The peace credentials of Abbas were boosted yesterday when his ruling Fatah movement reissued a call for a mutual ceasefire with Israel.
The Revolutionary Council said its militias would refrain from attacking civilians inside Israel, and was ready for "a mutual ceasefire" in lands Israel captured in the 1967 war.
Rice went out of her way in her first meetings to caution Israel against taking steps that would undermine Abbas, proclaiming it was a "time of optimism because fundamental changes are under way."

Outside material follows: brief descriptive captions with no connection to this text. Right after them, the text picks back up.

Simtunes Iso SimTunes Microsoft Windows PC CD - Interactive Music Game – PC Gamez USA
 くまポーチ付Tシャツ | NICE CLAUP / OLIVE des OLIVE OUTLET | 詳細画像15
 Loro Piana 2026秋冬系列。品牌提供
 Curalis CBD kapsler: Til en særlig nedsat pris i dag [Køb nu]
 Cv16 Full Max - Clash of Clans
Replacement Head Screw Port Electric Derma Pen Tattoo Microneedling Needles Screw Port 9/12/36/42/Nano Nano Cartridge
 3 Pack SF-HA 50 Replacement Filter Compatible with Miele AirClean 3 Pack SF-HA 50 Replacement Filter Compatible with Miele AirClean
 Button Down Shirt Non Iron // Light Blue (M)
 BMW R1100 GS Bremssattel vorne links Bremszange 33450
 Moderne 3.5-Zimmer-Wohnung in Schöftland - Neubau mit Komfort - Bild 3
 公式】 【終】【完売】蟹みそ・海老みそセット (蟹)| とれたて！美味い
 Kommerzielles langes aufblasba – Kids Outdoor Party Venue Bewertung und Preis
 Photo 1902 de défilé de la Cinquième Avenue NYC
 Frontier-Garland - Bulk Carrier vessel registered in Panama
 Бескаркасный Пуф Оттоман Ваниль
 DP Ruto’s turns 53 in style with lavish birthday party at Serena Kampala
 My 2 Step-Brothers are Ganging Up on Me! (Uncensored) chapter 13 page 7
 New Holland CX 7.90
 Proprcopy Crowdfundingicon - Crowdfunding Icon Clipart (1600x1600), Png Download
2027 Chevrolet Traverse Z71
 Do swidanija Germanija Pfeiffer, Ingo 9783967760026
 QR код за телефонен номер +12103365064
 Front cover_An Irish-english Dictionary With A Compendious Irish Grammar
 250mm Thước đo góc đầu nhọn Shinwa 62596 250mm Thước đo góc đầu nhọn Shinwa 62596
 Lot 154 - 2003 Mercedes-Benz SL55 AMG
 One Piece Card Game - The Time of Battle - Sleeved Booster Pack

During talks with Israeli Foreign Minister, Sylvan Shalom, Rice praised Israel for its response to the fragile fortnight-old truce. Shalom had earlier told her that: "We all want [Abbas] to succeed."
Shalom is reported to have told the Secretary of State that Abbas had done "very positive things", had deployed security forces in Gaza and largely prevented Qessam rockets being fired into Israel. But he also said Abbas had failed to disarm or arrest militants.
Nor had Abbas, reportedly at loggerheads with his Prime Minister, Ahmed Qureia, yet formed a new Cabinet, Shalom pointed out.
After their meeting, Shalom said that he had laid out Israel's demands of the Palestinians.
"If the Palestinians do not do everything to halt the smuggling of weapons through tunnels, close the tunnels, close the weapons workshops, gather up illegal weapons - we would simply be giving the violent groups time to regroup and then carry out terror attacks that could collapse the whole process," he said.
While stressing the fundamental importance of Israel going ahead with its plan to disengage from Gaza, the Secretary of State was said to have stressed the importance of both the Israelis and the Palestinians honouring their commitments to the road map to peace.
Israeli officials acknowledged that was a clear, if implicit, reference to the need to dismantle illegal outposts and settlements as well as the Palestinian obligation to begin disarming and dismantling the infrastructure of armed factions.